On Sat, 11 Sep 2010 00:12:36 -0500, wrote:


My 2500HD Chevy needs a gooseneck hitch. Unfortunately, there is a
heat shield that must be removed or a section cut out. Every shop I've
spoken with says the heat shield fasteners are installed with
something like Locktite and are almost impossible to remove.

Their parctice is to cut a section out with a plasma cutter. That
shield is 1.5" from the bottom of the bed which has a spray-in liner.
Should I be concerned about burning the paint off the bottom of the
bed or blistering the liner? I've only seen plasma cutters used on TV
or the internet.


1.5" is as good as a mile with plasma. Interpose a sheet-metal shield
or weld blanket between cut and bottom if severely anal.

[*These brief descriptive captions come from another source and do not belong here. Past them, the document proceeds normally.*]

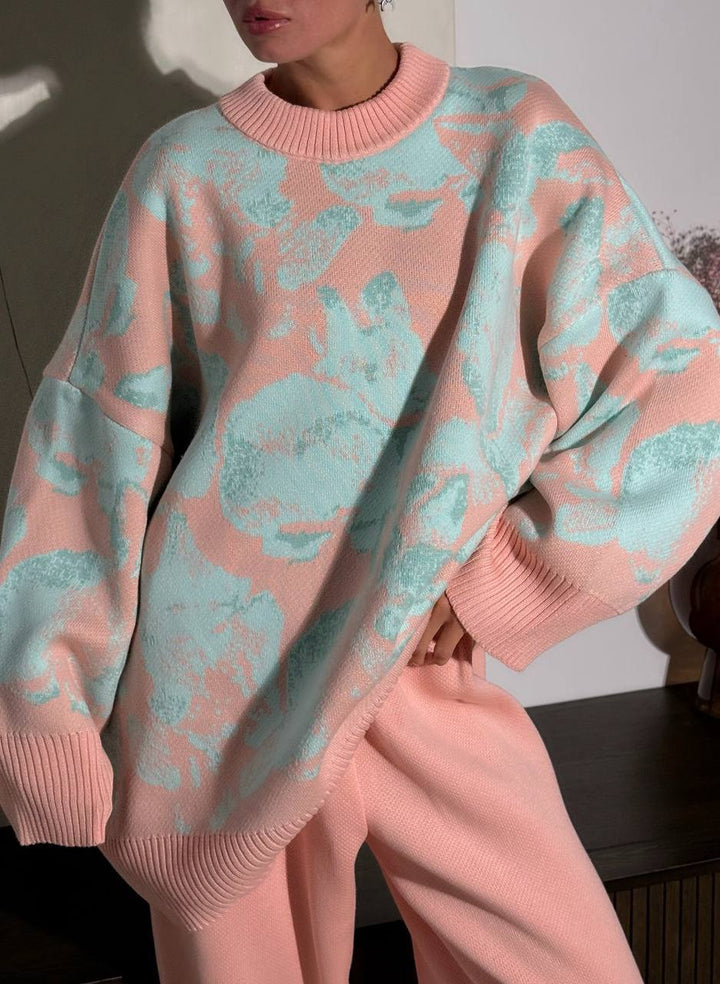 Kvinnors mysiga sweatshirt med trendig blomsterdesign Mirla-Eva Jonsson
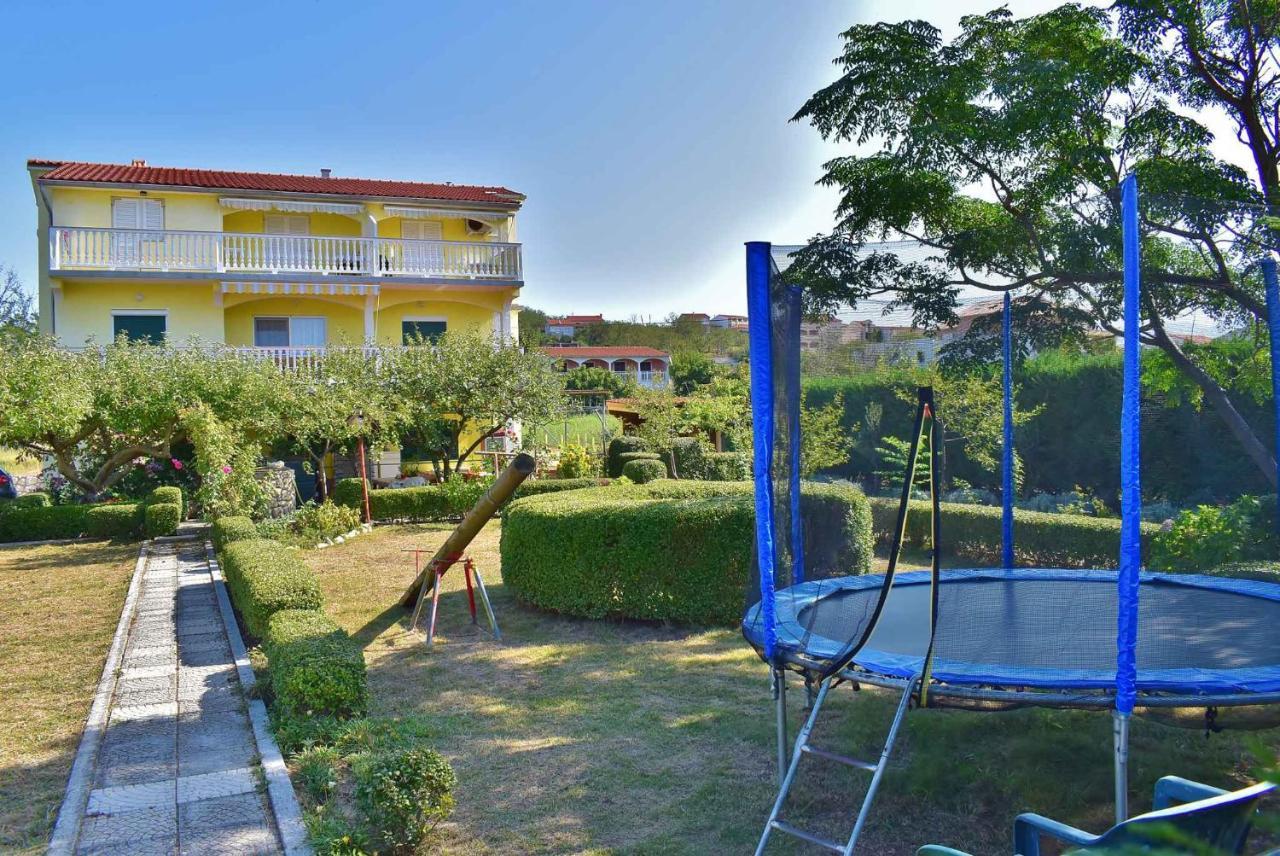 Apartment in Lopar/Insel Rab 17739 Buitenkant foto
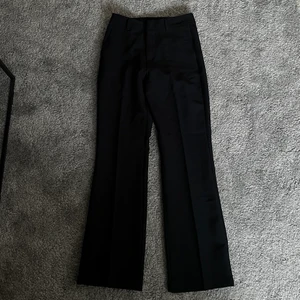 Kostymbyxor  - Ett par kostymbyxor från bikbok som är använda en gång så i väldigt fint skick!🤎🤎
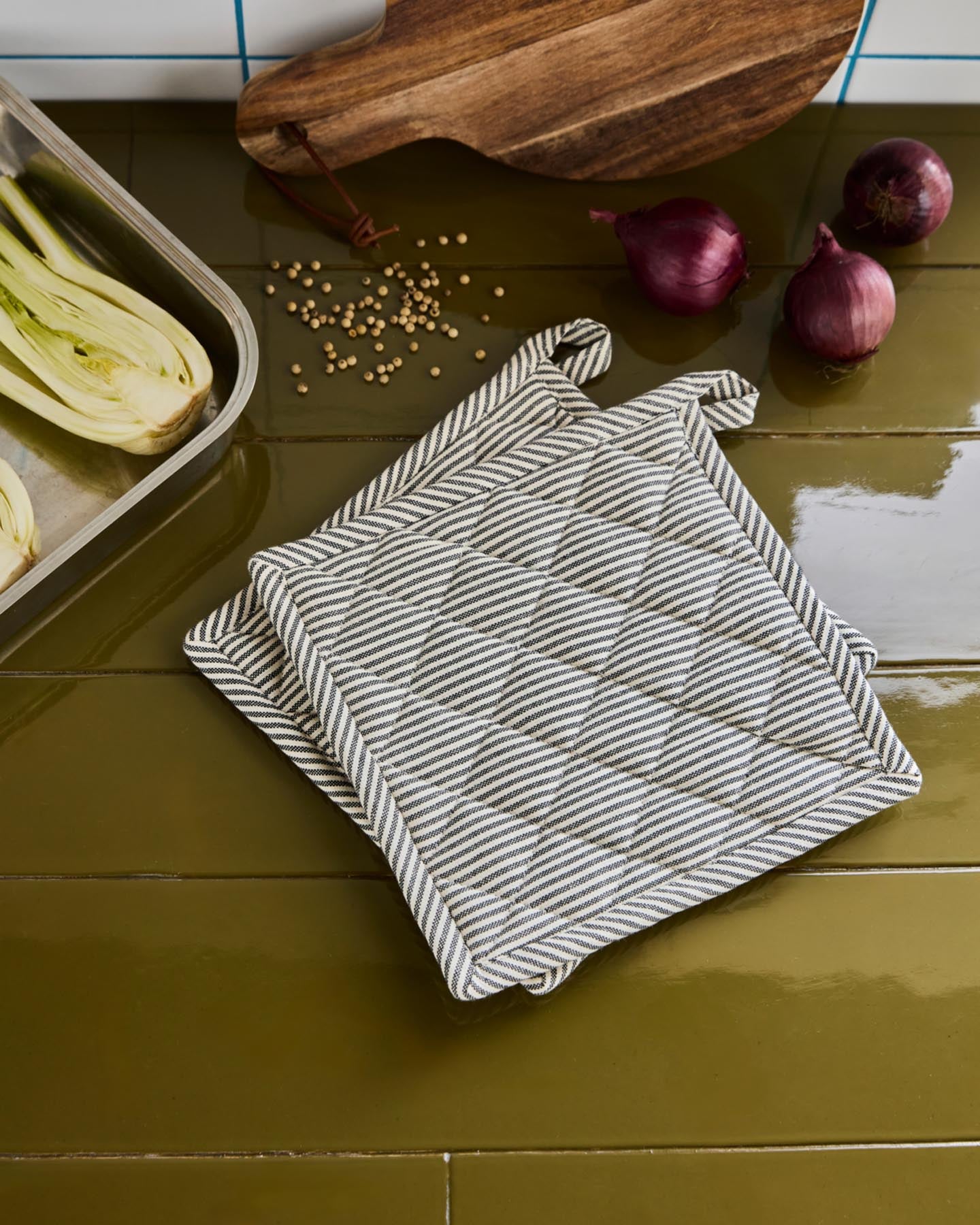 Entdecken Sie die eleganten Topflappen HDChef in Dunkelgrau von House Doctor – stilvoller Hitzeschutz für Ihre Küche, ideal für jeden Anlass.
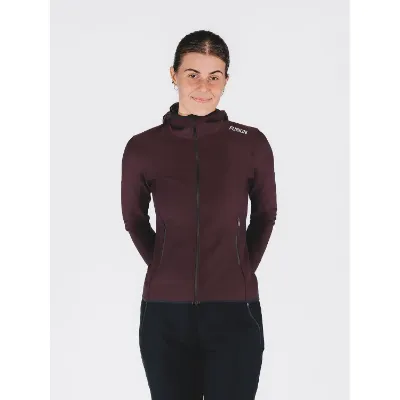 Stilfuld og funktionel Women's Recharge Hoodie med lynlås, opkradset fleece og unik isoleringsevne. Perfekt til aktive kvinder, der søger komfort og stil i farven Aubergine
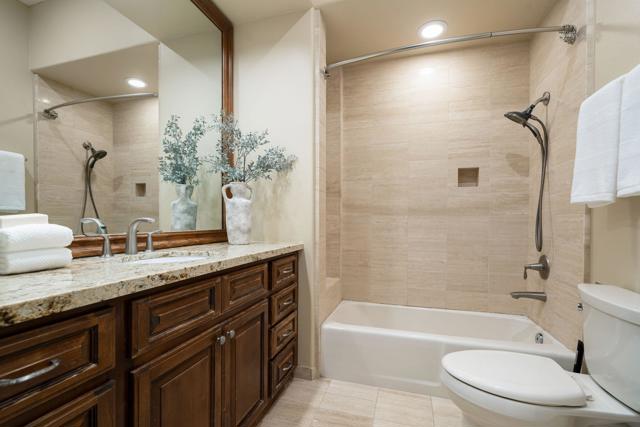 78955 Martinique Drive, Bermuda Dunes CA: https://media.crmls.org/mediaz/c0d49862-e48b-4273-b572-c6efb119302a.jpg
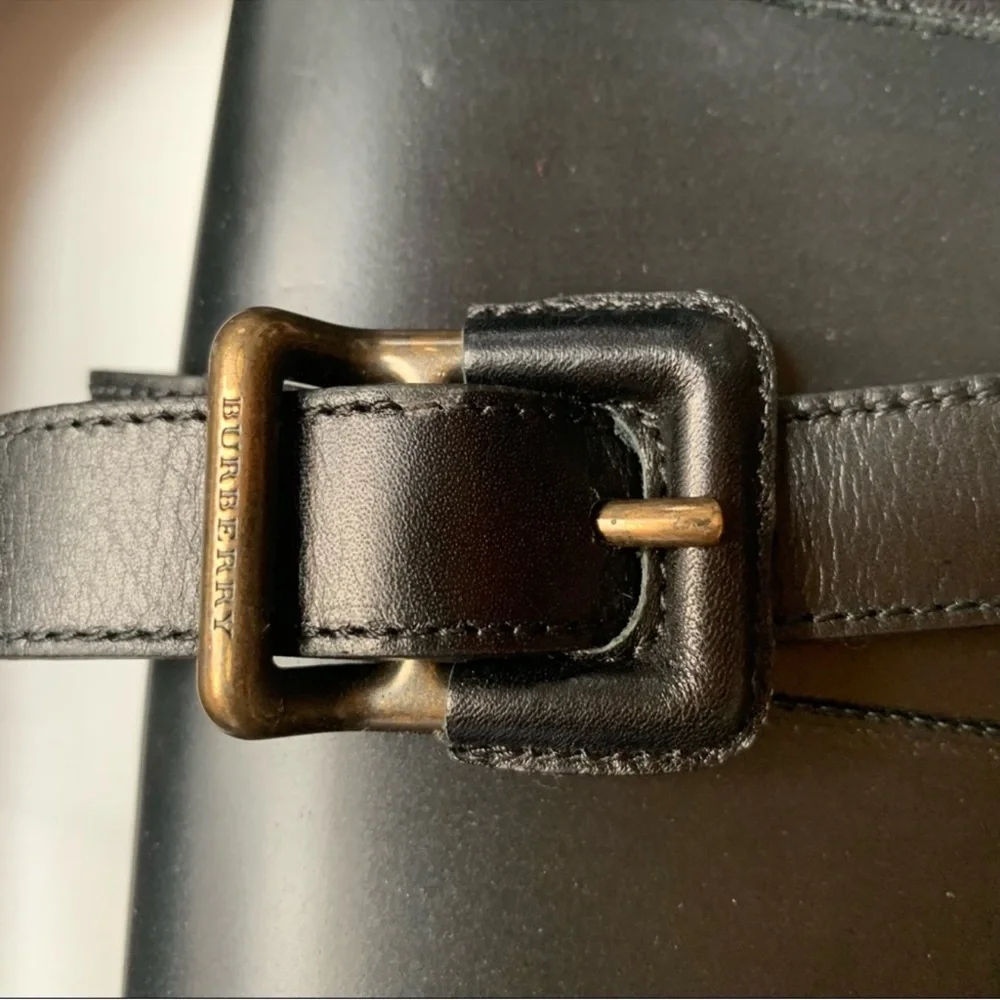 Burberry rain Black Knee-High Women's Boots! NWOT 37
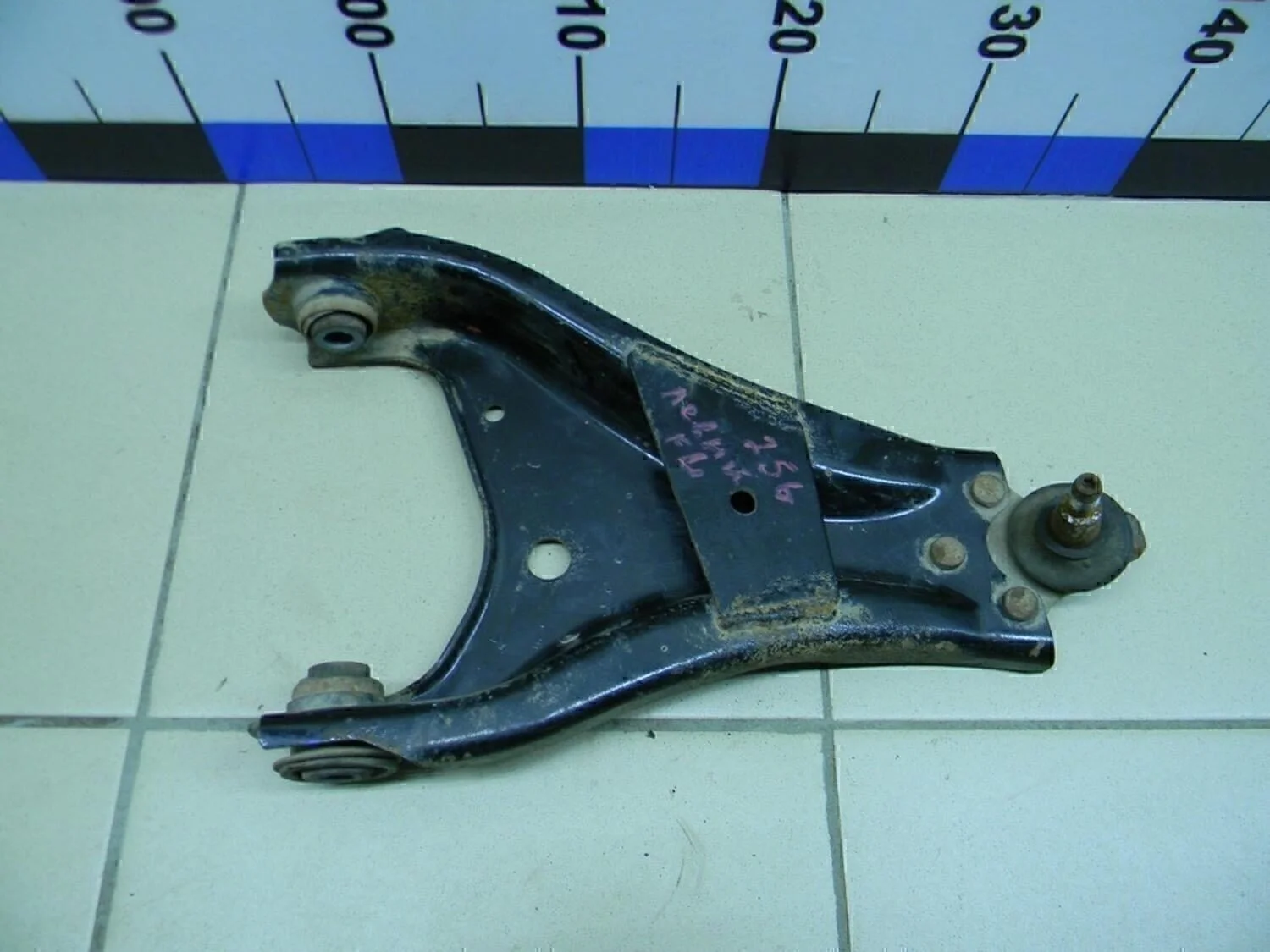 Рычаг передний левый Duster 2012>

Agreed. One of the benefits of a plasma cutter is their very low total
heat input. They give you a super hot plasma stream, but it is small
diameter and cuts so fast that you don't dwell in any area very long so
the piece being cut doesn't get very hot, and the thinner the material
the faster you go. On painted sheet metal, the paint gets burned back
less than 1/8" on either side of the cut line, and that's on the piece
being cut. A surface 1.5" away from the cut will just get sprayed with
the vaporized metal and that spray will have lost most of it's heat in
that 1.5" of travel.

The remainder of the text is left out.